Likening the COVID-19 education crisis to the Apollo 13 space mission, Boise State University President Marlene Tromp Thursday announced a national digital summit to address the needs of at-risk students.

The Dec. 1 event will bring together higher education administrators — from Howard University and the University of California-Berkeley, and points in between — to discuss how to better serve students during the pandemic.

Tromp said colleges and universities need to act now on behalf of their students, who are struggling with academic and mental health challenges stemming from the coronavirus pandemic. The working model for the summit, she said, is the April 1970 Apollo 13 flight. NASA scrubbed the mission’s planned lunar landing, but its three astronauts survived, after NASA scientists helped guide the hobbled spacecraft back to Earth.

“They jumped in to figure out how they could problem-solve, right in that moment, to help those astronauts while they were in flight, so they could complete their mission,” Tromp said Thursday, during a virtual address to the Boise Metro Chamber of Commerce.

Keeping with the space theme, the Dec. 1 summit is titled “Project Launchpad.”

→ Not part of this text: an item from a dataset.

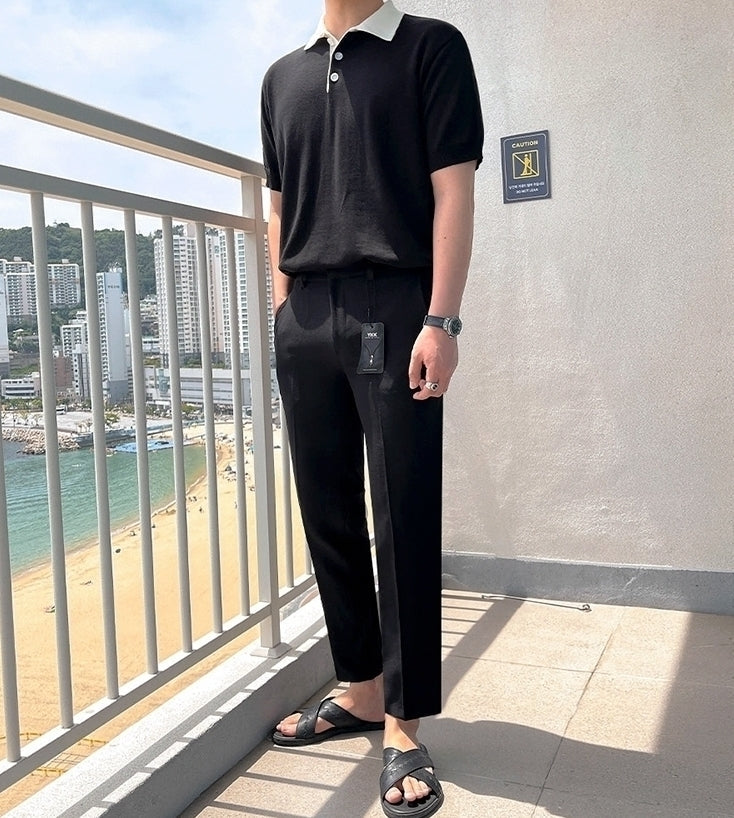 Knitted Short Sleeve Polo Shirt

During her 20-minute presentation, Tromp did not mention the financial crunch and the looming faculty furloughs at the state’s largest university. She instead recapped several other campus efforts to adapt and innovate during the coronavirus crisis:

  • Boise State has gone virtual with a rural pilot program, which launched this fall. The goal is to allow students in McCall, Mountain Home and Payette to take Boise State courses online while receiving faculty support.
  • A new “gap year” program allows students to earn online elective credits while working on an individualized learning plan, working with faculty and student mentors.
  • Through a series of programs, 2,500 K-12 teachers received more than 73,000 hours of summer training at Boise State, helping them better prepare for online instruction.
  • Tromp said the university’s “blue turf thinking” extended to football, as Boise State returned to play in October — albeit before nearly empty stands and to the sound of piped-in crowd noise.

Touting Boise State’s record $58 million in research contracts for this year, Tromp encouraged business leaders to help the university target new research that will serve Idaho industry.

“Partnership is one of the things that Boise State does best,” she said.